Therefore, changes at the country-level from one reference year to the next need 
to be interpreted carefully and may not be the result of a new household survey.

{phang}
{res:{ul:Regional/Global-level:} } {opt fillgaps} loads estimates for all the years
at all levels of aggregation, even if there is not enough survey coverage in that 
years for a specific region aggregate (e.g., region or global). ({err:We highly discourage the use of these estimates for any analysis}).

{phang}
{opt now:casts} This option loads nowcast estimates at the country-level, regional,
 and global levels. Activating {opt nowcasts} activates {opt fillgaps} as well.

{marker examples}{...}
{title:Examples}

{pstd}
The examples below do not comprehend of all of {cmd:pip}'s features.

{ul:1. Basic examples}

{phang}
1.1. Load latest available survey-year estimates for Colombia and Argentina

{phang2}
{stata pip cl, country(col arg) year(last) clear} 

{phang}
1.2. Load clickable menu of data available

{phang2}
{stata pip, info}

{phang}
1.3. Load only urban coverage level

{phang2}
{stata pip cl, country(all) coverage("urban") clear}


{ul:2. Differences between queries }

{phang}
2.1. Country estimation at $2.15 in 2015. In this example, since there are no ARG surveys in 
2015, results are loaded only for COL, BRA and IND.

{phang2}
{stata pip, country(COL BRA ARG IND) year(2015) clear}

{phang}
2.2. Reference-year estimation. Filling gaps for ARG and moving the IND estimate
from 2015-2016 to 2015. Only works for reference years. 

{phang2}
{stata pip, country(COL BRA ARG IND) year(2015) clear  fillgaps}

{phang}
2.4. World Bank aggregation ({it:country()} is not available)

{phang2}
{stata pip wb, clear  year(2015)}{p_end}
{phang2}
{stata pip wb, clear  region(SAR LAC)}{p_end}
{phang2}
{stata pip wb, clear}       // all regions and reference years{p_end}

{phang}
2.5. {opt fillgaps} and {opt nowcasts} 

{phang2}
{stata pip, clear}          // survey estimates{p_end}
{phang2}
{stata pip, clear fillgaps} // interpolations and extrapolations{p_end}
{phang2}
{stata pip, clear nowcasts}  // {opt fillgaps} plus nowcasts{p_end}
{phang2}
{stata pip wb, clear}       // Official regional and global data{p_end}
{phang2}
{stata pip wb, fillgaps}  // aggregates for years with no survey coverage{p_end}
{phang2}
{stata pip wb, nowcasts}   // {opt fillgaps} plus nowcasts{p_end}


{ul:3. Samples uniquely identified by country/year}

{phang2}
{ul:3.1} Longest possible time series for each country, {it:even if} welfare type or survey coverage
changes from one year to another (national coverage is preferred).

{cmd}
	  pip, clear
	* Prepare reporting_level variable
	  label define level 3 "national" 2 "urban" 1 "rural"
	  encode reporting_level, gen(reporting_level_2) label(level)

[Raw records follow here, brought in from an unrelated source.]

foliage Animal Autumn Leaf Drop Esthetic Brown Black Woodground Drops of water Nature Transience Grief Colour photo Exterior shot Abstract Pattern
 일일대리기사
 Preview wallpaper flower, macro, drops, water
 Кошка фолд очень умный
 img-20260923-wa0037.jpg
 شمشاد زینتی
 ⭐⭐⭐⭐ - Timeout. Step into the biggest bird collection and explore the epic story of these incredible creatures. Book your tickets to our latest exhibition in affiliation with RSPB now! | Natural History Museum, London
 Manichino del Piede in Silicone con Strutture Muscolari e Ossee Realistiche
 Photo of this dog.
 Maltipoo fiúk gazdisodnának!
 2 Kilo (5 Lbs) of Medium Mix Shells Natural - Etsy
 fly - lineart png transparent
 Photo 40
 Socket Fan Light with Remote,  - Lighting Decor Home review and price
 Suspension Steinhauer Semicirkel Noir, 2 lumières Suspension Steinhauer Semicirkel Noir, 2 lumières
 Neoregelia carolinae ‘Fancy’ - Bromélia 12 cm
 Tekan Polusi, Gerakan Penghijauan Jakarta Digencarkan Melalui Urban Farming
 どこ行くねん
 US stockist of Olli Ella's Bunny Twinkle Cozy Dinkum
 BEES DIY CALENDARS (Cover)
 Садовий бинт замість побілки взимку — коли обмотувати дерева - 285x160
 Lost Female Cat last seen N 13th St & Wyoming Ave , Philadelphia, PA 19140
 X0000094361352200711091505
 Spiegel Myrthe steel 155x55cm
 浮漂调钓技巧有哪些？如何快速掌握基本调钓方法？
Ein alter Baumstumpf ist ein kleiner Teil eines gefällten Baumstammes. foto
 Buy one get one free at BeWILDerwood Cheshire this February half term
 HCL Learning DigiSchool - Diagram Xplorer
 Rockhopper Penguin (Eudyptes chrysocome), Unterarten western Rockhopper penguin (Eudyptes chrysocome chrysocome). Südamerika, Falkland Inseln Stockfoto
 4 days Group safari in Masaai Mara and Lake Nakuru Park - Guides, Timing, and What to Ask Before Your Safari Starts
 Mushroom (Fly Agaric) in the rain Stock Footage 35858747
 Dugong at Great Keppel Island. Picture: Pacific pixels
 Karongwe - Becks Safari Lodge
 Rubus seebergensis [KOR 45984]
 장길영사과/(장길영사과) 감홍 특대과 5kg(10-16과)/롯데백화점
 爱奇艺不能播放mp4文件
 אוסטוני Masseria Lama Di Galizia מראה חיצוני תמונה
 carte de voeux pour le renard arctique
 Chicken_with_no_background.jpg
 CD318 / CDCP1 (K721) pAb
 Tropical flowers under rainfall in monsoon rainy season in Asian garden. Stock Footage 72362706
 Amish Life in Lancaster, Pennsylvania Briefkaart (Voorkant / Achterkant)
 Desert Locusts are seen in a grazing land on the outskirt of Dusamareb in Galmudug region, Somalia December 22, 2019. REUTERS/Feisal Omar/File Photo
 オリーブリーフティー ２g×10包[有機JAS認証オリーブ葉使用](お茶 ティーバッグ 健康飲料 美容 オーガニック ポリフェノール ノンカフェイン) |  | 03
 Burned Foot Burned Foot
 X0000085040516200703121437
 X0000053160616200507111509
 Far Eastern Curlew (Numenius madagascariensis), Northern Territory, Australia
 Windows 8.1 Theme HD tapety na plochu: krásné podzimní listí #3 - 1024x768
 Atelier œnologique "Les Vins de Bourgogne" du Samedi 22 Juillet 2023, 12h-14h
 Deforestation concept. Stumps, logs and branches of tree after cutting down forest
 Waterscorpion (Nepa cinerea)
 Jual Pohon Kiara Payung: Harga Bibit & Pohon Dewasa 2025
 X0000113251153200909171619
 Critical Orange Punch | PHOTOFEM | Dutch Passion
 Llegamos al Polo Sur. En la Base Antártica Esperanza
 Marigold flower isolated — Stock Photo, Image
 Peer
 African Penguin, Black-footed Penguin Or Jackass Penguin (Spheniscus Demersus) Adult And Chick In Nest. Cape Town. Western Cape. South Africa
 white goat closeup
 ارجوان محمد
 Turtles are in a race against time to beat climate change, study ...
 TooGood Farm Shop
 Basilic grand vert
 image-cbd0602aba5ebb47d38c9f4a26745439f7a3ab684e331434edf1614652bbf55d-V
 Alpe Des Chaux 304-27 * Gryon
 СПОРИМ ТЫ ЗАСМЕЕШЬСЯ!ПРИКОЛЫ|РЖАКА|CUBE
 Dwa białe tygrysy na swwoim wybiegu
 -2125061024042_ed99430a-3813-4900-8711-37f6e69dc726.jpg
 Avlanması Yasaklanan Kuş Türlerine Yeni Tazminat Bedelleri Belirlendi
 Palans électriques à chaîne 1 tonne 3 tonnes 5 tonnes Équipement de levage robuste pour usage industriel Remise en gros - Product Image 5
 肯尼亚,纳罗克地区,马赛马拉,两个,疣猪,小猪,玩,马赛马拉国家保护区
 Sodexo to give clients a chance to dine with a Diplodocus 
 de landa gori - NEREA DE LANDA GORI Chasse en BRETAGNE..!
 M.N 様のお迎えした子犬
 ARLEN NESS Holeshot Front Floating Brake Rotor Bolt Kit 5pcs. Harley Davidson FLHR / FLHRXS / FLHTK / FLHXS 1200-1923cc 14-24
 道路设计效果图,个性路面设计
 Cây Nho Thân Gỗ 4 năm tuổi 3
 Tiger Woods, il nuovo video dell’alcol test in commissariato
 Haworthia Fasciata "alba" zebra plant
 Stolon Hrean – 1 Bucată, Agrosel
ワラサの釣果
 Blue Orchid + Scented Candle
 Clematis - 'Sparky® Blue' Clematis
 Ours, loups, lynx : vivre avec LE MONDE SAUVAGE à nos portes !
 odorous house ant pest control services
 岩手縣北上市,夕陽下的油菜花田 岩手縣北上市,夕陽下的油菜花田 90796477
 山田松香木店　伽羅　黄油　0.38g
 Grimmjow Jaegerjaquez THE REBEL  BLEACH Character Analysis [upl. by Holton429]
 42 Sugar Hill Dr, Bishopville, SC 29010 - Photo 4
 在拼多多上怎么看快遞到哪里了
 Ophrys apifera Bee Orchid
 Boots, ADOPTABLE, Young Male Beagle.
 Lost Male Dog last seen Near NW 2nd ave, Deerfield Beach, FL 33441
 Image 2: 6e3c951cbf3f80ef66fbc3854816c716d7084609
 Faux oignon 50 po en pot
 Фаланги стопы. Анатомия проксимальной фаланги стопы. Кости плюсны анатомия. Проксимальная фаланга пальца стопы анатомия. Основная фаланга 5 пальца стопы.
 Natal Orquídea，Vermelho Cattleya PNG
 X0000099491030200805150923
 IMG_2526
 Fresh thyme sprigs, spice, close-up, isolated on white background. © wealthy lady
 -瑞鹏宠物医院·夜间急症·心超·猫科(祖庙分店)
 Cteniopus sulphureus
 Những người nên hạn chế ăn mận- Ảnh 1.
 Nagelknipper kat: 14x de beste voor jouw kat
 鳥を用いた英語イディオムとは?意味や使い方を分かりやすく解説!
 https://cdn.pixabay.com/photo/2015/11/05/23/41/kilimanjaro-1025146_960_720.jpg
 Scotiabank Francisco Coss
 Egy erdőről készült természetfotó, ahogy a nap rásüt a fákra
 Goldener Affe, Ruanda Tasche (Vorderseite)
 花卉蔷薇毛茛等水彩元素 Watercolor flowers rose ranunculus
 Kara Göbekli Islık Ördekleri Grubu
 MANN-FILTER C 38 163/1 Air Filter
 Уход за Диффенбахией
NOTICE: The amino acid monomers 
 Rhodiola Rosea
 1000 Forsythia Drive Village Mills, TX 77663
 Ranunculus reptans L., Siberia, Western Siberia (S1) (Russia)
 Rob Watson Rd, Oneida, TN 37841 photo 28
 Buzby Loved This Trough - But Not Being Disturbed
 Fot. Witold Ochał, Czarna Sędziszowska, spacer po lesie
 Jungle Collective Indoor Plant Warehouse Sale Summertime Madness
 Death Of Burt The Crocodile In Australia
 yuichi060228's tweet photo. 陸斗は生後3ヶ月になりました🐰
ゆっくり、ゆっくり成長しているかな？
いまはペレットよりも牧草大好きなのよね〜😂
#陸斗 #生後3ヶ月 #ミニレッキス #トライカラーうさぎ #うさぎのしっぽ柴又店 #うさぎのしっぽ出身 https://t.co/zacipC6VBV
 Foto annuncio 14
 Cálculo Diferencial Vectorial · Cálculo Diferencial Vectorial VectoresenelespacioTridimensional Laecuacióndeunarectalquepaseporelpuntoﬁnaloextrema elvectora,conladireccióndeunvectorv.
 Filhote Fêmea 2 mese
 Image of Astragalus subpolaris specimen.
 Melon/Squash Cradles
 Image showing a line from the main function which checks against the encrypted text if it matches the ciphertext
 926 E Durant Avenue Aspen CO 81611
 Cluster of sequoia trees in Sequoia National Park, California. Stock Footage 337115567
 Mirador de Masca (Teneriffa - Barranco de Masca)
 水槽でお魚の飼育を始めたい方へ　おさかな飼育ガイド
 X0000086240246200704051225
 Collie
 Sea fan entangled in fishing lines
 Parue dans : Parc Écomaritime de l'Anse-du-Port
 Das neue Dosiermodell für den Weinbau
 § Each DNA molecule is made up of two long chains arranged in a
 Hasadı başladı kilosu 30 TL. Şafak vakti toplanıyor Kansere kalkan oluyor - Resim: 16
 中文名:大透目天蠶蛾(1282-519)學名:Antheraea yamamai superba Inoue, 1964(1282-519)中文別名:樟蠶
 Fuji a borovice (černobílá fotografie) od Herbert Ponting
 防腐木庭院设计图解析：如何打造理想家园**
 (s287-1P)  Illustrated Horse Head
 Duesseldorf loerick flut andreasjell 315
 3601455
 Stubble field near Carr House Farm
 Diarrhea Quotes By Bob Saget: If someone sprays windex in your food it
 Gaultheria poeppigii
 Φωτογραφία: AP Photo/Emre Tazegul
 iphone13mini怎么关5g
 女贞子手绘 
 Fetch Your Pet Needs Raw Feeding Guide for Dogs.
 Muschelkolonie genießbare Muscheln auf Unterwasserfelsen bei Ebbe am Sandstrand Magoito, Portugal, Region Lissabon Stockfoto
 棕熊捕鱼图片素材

	* keep only national when more than one is available
	  bysort country_code welfare_type year: egen _ncover = count(reporting_level_2)
	  gen _tokeepn = ( (inlist(reporting_level_2, 3, 4) & _ncover > 1) | _ncover == 1)

	  keep if _tokeepn == 1

	* Keep longest series per country
	  by country_code welfare_type, sort:  gen _ndtype = _n == 1
	  by country_code : replace _ndtype = sum(_ndtype)
	  by country_code : replace _ndtype = _ndtype[_N] // number of welfare_type per country

	  duplicates tag country_code year, gen(_yrep)  // duplicate year

	 bysort country_code welfare_type: egen _type_length = count(year) // length of type series
	 bysort country_code: egen _type_max = max(_type_length)   // longest type series
	 replace _type_max = (_type_max == _type_length)

	* in case of same length in series, keep consumption
	  by country_code _type_max, sort:  gen _ntmax = _n == 1
	  by country_code : replace _ntmax = sum(_ntmax)
	  by country_code : replace _ntmax = _ntmax[_N]  // number of welfare_type per country


	  gen _tokeepl = ((_type_max == 1 & _ntmax == 2) | ///
	                 (welfare_type == 1 & _ntmax == 1 & _ndtype == 2) | ///
	                 _yrep == 0)
	 
	 keep if _tokeepl == 1
	 drop _*

{txt}      ({stata "pip_examples pip_example08":click to run})

{phang2}
{ul:3.2} Longest possible time series for each country, restrict to same welfare type throughout,
but letting survey coverage vary (preferring national).

{cmd}
	  pip, clear
	  
	* Prepare reporting_level variable
	  label define level 3 "national" 2 "urban" 1 "rural"
	  encode reporting_level, gen(reporting_level_2) label(level)
	  
	  bysort country_code welfare_type year: egen _ncover = count(reporting_level_2)
	  gen _tokeepn = ( (inlist(reporting_level_2, 3, 4) & _ncover > 1) | _ncover == 1)

	  keep if _tokeepn == 1
	* Keep longest series per country
	  by country_code welfare_type, sort:  gen _ndtype = _n == 1
	  by country_code : replace _ndtype = sum(_ndtype)
	  by country_code : replace _ndtype = _ndtype[_N] // number of welfare_type per country


	  bysort country_code welfare_type: egen _type_length = count(year)
	  bysort country_code: egen _type_max = max(_type_length)
	  replace _type_max = (_type_max == _type_length)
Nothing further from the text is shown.